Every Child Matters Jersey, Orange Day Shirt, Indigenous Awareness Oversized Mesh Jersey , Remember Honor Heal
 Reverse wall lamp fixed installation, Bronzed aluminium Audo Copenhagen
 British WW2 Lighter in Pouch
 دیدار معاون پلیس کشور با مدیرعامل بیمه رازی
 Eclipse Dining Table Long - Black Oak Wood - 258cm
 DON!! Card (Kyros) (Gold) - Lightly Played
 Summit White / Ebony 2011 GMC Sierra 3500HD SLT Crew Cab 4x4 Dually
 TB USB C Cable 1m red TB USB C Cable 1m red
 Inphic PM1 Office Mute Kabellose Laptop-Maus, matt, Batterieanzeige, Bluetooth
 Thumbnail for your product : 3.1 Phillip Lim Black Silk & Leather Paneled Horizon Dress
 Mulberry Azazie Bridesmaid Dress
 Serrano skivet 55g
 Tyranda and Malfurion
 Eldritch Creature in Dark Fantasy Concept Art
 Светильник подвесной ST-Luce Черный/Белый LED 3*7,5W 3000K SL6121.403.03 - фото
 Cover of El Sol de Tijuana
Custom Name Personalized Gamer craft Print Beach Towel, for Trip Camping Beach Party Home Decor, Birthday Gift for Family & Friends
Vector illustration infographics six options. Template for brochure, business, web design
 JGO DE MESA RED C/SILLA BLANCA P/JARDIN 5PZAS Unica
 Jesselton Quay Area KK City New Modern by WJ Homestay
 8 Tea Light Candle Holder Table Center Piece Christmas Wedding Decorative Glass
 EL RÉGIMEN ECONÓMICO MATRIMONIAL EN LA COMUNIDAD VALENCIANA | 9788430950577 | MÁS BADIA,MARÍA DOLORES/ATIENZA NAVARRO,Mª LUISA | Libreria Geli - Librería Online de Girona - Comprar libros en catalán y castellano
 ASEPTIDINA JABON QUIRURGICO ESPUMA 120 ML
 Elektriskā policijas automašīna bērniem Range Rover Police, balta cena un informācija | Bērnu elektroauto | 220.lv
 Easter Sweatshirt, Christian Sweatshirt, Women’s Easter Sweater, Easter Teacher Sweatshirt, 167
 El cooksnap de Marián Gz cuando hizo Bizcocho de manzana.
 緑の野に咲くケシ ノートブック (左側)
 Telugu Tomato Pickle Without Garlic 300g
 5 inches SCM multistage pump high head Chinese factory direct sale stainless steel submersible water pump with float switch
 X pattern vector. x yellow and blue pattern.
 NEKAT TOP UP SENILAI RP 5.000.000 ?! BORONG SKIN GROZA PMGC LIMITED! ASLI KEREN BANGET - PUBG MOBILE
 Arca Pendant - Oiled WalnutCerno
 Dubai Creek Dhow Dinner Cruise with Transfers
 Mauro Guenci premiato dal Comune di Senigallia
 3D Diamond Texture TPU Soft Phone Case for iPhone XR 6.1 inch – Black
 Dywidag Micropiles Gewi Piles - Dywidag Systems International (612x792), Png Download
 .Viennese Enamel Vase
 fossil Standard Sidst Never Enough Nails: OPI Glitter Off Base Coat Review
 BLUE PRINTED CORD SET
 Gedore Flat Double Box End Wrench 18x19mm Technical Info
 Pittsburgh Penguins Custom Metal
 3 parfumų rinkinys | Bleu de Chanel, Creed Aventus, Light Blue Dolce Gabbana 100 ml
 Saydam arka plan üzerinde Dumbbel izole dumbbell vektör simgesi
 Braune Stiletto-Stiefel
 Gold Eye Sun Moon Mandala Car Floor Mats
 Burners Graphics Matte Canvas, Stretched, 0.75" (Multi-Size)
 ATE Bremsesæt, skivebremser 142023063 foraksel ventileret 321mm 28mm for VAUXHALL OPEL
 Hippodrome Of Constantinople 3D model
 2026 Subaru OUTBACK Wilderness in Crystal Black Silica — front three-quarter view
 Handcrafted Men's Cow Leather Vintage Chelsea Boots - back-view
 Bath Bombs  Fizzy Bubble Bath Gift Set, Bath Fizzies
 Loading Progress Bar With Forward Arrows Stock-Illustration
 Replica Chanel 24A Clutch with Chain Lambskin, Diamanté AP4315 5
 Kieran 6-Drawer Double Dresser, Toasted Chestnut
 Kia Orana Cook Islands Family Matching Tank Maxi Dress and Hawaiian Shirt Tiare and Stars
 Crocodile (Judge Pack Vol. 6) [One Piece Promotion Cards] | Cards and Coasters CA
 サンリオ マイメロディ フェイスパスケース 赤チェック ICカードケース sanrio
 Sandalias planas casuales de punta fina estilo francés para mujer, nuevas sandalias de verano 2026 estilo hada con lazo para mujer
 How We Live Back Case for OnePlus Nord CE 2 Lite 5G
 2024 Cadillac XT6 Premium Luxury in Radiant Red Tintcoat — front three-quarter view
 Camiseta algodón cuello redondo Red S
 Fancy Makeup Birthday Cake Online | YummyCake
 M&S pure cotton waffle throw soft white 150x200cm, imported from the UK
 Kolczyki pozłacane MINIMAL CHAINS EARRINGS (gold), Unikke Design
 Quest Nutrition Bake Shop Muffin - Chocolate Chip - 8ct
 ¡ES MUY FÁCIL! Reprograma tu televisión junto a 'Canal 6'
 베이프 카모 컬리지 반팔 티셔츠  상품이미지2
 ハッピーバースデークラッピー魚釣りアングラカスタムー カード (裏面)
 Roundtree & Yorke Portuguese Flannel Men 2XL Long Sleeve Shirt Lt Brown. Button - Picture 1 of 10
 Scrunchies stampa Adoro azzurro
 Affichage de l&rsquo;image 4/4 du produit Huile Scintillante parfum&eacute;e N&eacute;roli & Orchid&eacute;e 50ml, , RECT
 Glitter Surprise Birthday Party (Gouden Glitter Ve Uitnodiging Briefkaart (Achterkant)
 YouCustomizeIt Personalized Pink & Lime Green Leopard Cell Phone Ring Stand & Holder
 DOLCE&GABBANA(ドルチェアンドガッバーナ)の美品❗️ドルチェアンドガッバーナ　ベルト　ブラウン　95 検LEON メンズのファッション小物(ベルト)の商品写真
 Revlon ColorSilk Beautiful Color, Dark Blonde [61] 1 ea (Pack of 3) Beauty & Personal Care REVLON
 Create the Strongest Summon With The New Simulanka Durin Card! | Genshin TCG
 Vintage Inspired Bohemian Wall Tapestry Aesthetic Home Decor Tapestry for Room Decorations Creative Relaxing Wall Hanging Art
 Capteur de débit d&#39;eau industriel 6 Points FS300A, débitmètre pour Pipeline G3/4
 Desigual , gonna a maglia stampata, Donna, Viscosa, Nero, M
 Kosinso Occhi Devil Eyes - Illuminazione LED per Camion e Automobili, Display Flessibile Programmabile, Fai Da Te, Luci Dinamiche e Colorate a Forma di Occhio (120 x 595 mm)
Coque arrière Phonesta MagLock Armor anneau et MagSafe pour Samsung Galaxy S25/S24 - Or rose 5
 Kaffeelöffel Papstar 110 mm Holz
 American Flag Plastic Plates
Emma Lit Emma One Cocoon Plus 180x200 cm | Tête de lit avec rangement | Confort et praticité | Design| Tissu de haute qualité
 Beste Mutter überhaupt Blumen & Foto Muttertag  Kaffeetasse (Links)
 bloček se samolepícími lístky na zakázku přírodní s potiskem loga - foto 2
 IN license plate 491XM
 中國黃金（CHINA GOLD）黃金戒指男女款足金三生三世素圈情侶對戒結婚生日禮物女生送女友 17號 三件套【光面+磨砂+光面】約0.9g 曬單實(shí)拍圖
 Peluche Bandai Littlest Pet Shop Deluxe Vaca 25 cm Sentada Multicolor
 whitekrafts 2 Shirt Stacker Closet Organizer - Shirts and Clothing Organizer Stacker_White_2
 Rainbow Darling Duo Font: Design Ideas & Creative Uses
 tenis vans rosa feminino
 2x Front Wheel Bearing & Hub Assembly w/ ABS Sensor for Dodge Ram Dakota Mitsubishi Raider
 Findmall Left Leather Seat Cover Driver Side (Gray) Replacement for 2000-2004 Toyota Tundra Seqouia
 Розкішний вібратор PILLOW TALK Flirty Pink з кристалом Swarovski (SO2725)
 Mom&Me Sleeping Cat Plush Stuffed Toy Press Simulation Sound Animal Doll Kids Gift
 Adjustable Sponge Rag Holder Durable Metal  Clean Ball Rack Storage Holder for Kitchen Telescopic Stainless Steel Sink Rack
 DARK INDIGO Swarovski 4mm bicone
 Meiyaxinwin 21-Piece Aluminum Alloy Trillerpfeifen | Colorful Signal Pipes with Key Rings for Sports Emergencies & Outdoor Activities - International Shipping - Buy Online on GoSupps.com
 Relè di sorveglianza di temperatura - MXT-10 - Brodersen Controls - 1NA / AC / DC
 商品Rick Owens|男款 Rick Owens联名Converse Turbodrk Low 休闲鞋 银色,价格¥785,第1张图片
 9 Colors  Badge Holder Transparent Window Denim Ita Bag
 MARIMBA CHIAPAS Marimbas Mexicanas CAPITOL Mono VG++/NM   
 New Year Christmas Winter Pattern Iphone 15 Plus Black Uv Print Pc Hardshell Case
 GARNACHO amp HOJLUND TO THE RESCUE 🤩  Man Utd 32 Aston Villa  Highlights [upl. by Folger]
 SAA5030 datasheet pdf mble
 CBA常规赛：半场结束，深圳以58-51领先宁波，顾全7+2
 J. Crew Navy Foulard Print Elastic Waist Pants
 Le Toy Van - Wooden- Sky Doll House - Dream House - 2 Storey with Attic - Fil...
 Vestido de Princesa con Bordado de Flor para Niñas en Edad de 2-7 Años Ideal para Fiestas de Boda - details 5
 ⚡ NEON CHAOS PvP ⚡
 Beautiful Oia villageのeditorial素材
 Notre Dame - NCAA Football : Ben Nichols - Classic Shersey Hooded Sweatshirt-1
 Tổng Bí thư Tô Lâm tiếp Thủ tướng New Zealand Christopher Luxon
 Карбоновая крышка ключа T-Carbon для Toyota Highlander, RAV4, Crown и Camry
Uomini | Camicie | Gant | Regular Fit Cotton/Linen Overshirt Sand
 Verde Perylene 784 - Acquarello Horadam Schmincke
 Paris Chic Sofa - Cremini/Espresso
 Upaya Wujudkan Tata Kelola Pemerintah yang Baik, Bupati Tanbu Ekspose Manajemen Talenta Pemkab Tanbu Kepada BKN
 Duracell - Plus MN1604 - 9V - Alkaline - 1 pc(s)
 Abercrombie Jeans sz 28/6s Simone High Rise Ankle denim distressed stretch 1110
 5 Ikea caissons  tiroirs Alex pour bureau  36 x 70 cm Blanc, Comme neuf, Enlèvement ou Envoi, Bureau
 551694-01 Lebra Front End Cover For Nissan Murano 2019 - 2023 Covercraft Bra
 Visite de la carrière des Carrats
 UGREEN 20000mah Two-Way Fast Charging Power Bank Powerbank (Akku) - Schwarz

---------------

▸ **WHAT IS BEING ASKED**:
Beginning with the first line above, could you copy every line exactly, up to and including the one with "JGO DE MESA"?

▸ **WRITTEN ANSWER**:
Every Child Matters Jersey, Orange Day Shirt, Indigenous Awareness Oversized Mesh Jersey , Remember Honor Heal
 Reverse wall lamp fixed installation, Bronzed aluminium Audo Copenhagen
 British WW2 Lighter in Pouch
 دیدار معاون پلیس کشور با مدیرعامل بیمه رازی
 Eclipse Dining Table Long - Black Oak Wood - 258cm
 DON!! Card (Kyros) (Gold) - Lightly Played
 Summit White / Ebony 2011 GMC Sierra 3500HD SLT Crew Cab 4x4 Dually
 TB USB C Cable 1m red TB USB C Cable 1m red
 Inphic PM1 Office Mute Kabellose Laptop-Maus, matt, Batterieanzeige, Bluetooth
 Thumbnail for your product : 3.1 Phillip Lim Black Silk & Leather Paneled Horizon Dress
 Mulberry Azazie Bridesmaid Dress
 Serrano skivet 55g
 Tyranda and Malfurion
 Eldritch Creature in Dark Fantasy Concept Art
 Светильник подвесной ST-Luce Черный/Белый LED 3*7,5W 3000K SL6121.403.03 - фото
 Cover of El Sol de Tijuana
Custom Name Personalized Gamer craft Print Beach Towel, for Trip Camping Beach Party Home Decor, Birthday Gift for Family & Friends
Vector illustration infographics six options. Template for brochure, business, web design
 JGO DE MESA RED C/SILLA BLANCA P/JARDIN 5PZAS Unica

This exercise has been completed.